— Problem —
The expected output is exactly the lines below, starting at the line with "back of house" and ending at the line with "bungalow-style home with", both included; no other line belongs in it.

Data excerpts
--

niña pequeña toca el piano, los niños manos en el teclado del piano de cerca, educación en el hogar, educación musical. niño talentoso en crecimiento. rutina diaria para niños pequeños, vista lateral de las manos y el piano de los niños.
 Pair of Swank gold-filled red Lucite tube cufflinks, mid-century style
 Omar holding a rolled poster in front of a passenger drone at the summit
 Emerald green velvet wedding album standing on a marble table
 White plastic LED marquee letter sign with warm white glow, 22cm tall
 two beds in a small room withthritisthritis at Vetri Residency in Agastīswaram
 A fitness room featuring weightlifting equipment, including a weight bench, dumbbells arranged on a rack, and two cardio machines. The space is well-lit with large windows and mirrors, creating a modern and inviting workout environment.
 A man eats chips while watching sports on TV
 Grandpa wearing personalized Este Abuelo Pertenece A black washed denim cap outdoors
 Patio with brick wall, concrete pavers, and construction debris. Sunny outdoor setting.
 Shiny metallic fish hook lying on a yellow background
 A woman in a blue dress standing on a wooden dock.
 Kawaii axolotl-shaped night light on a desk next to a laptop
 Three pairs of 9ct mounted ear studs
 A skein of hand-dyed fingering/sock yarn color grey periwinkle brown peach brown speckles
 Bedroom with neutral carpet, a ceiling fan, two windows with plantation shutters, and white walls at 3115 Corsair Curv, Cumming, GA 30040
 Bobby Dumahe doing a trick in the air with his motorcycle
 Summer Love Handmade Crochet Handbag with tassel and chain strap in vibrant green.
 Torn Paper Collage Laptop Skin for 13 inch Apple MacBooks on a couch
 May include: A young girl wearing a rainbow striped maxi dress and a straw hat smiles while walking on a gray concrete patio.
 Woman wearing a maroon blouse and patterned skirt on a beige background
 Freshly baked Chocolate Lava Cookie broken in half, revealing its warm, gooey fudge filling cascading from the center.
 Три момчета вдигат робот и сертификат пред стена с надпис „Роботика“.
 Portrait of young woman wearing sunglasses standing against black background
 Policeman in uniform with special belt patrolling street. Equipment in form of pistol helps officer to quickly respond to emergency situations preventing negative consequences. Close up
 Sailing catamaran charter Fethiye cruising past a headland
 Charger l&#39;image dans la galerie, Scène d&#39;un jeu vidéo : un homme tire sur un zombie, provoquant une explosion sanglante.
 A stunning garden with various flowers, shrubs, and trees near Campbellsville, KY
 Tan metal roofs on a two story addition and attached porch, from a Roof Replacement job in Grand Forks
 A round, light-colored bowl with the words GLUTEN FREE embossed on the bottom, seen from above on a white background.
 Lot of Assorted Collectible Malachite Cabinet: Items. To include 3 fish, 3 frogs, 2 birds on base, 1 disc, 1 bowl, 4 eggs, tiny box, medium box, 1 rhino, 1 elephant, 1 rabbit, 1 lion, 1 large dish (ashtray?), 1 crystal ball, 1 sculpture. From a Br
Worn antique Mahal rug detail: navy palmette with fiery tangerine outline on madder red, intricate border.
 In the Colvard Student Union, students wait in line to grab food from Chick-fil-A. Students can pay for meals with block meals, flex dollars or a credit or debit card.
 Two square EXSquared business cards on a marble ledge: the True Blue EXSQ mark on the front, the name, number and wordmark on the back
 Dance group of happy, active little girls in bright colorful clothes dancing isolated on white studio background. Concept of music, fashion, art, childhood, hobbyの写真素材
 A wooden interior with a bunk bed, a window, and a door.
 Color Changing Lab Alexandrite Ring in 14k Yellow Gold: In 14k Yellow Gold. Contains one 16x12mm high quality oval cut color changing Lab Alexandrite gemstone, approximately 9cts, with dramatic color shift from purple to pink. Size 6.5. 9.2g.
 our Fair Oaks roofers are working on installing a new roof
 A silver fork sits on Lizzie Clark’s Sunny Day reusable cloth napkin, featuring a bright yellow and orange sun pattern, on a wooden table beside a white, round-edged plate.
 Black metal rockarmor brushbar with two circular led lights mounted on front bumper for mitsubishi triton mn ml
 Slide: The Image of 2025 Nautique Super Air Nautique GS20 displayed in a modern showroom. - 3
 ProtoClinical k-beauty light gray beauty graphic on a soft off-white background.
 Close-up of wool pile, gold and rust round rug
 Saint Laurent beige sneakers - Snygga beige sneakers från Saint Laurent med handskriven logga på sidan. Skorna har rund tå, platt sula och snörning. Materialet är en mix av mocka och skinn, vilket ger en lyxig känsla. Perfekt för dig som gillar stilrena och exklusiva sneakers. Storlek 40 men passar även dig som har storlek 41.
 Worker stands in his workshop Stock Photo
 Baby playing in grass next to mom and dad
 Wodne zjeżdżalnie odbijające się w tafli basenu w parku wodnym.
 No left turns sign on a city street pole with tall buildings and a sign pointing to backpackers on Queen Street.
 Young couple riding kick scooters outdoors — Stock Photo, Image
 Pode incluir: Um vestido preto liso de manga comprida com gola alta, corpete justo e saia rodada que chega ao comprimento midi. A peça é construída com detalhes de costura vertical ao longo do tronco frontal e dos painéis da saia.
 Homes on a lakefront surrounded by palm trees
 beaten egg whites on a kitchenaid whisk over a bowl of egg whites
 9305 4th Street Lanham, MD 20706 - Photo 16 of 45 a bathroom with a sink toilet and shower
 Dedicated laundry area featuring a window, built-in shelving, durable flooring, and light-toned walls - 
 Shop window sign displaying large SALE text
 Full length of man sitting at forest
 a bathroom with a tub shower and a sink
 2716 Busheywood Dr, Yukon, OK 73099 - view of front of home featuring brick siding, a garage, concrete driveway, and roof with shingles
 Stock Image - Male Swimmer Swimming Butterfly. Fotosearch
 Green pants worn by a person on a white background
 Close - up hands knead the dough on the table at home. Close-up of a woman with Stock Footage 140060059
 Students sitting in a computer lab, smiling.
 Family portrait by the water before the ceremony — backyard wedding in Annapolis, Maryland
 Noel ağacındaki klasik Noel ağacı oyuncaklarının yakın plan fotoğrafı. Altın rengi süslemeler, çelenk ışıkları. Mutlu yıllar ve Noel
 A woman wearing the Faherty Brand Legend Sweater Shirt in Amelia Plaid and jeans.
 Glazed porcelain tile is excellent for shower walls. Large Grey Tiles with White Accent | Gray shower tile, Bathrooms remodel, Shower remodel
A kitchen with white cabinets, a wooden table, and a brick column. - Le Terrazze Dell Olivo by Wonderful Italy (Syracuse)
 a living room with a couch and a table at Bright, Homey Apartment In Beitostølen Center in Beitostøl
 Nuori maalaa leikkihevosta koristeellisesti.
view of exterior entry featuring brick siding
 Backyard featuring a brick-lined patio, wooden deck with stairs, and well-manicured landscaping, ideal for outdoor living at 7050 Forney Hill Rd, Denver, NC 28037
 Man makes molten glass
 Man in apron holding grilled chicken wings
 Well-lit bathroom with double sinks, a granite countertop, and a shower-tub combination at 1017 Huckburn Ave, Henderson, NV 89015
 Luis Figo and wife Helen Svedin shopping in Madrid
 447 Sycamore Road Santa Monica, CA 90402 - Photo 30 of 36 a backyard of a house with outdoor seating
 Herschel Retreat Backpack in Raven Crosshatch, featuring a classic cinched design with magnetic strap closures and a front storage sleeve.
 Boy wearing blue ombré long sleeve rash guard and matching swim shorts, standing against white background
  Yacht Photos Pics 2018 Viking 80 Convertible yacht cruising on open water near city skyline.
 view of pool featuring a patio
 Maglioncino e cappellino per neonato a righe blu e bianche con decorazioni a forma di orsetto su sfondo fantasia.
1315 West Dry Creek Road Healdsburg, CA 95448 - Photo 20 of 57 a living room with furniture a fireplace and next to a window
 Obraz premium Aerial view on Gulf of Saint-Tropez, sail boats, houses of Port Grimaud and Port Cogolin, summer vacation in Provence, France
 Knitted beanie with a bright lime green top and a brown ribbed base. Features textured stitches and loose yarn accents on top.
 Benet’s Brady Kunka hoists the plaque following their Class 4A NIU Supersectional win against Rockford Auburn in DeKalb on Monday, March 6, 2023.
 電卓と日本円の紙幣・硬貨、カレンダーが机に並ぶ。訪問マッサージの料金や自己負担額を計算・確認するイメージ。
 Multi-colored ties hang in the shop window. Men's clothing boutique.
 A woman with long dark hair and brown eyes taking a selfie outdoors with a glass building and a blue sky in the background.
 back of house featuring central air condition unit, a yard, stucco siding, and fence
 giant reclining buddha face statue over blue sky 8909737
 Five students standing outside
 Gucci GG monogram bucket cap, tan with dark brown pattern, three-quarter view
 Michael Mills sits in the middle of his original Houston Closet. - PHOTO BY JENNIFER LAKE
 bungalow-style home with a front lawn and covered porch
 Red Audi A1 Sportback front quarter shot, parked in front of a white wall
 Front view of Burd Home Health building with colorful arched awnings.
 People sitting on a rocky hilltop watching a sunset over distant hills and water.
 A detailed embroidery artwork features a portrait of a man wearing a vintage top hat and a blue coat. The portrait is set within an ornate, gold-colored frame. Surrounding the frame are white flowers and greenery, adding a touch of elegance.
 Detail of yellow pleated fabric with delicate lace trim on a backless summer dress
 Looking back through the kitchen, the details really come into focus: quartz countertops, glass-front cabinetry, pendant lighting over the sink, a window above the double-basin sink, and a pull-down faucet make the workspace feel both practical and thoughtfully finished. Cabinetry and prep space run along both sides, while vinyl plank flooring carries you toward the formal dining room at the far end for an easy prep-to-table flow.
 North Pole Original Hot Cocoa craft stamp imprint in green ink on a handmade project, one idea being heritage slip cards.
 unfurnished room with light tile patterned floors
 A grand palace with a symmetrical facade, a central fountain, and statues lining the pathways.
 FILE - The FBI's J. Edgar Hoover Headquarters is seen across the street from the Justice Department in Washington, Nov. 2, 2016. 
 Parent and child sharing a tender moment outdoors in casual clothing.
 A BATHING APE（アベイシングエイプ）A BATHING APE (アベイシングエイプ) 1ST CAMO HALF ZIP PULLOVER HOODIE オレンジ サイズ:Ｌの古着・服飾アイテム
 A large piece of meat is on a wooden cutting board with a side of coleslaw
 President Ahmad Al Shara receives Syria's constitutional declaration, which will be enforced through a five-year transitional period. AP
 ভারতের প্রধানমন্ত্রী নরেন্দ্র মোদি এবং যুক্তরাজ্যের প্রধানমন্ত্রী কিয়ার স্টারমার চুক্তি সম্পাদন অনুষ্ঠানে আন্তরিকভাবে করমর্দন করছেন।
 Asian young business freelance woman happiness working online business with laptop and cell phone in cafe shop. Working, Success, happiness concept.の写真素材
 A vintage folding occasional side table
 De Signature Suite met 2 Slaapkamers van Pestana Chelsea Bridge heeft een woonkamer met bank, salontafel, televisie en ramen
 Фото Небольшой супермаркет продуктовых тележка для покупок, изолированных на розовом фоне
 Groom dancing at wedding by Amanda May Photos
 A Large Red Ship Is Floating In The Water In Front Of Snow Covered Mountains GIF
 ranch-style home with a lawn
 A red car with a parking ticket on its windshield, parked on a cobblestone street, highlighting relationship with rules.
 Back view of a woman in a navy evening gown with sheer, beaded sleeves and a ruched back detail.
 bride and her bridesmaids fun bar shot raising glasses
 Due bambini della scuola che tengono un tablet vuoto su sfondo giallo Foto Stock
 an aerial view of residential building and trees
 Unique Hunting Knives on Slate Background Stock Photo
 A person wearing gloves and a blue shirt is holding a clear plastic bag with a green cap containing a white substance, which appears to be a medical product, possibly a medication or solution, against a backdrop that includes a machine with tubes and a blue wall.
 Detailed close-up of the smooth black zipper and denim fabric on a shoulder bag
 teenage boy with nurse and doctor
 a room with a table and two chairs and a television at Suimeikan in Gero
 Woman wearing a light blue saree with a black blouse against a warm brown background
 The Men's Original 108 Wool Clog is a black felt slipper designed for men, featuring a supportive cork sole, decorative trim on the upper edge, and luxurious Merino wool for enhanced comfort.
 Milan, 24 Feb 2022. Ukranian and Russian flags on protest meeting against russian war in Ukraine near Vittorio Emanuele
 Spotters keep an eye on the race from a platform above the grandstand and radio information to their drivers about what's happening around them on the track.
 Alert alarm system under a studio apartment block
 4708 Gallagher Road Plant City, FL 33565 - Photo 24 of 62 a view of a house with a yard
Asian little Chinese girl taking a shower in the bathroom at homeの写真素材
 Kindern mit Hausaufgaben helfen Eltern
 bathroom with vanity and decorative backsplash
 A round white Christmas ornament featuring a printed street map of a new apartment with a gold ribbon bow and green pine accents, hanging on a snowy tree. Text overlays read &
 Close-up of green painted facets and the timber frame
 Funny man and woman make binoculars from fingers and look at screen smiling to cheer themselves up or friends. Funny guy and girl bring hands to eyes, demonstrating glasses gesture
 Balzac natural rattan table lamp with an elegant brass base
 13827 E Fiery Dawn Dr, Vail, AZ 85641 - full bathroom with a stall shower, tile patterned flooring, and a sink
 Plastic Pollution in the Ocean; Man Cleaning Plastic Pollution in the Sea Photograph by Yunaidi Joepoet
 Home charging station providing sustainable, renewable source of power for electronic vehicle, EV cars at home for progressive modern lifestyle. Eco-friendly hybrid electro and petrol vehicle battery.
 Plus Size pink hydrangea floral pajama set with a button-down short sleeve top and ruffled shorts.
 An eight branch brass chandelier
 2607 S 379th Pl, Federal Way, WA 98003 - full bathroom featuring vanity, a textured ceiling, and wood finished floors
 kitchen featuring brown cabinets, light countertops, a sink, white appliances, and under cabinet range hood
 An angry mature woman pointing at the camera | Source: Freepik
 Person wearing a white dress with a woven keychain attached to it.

--

— Solution below —
 back of house featuring central air condition unit, a yard, stucco siding, and fence
 giant reclining buddha face statue over blue sky 8909737
 Five students standing outside
 Gucci GG monogram bucket cap, tan with dark brown pattern, three-quarter view
 Michael Mills sits in the middle of his original Houston Closet. - PHOTO BY JENNIFER LAKE
 bungalow-style home with a front lawn and covered porch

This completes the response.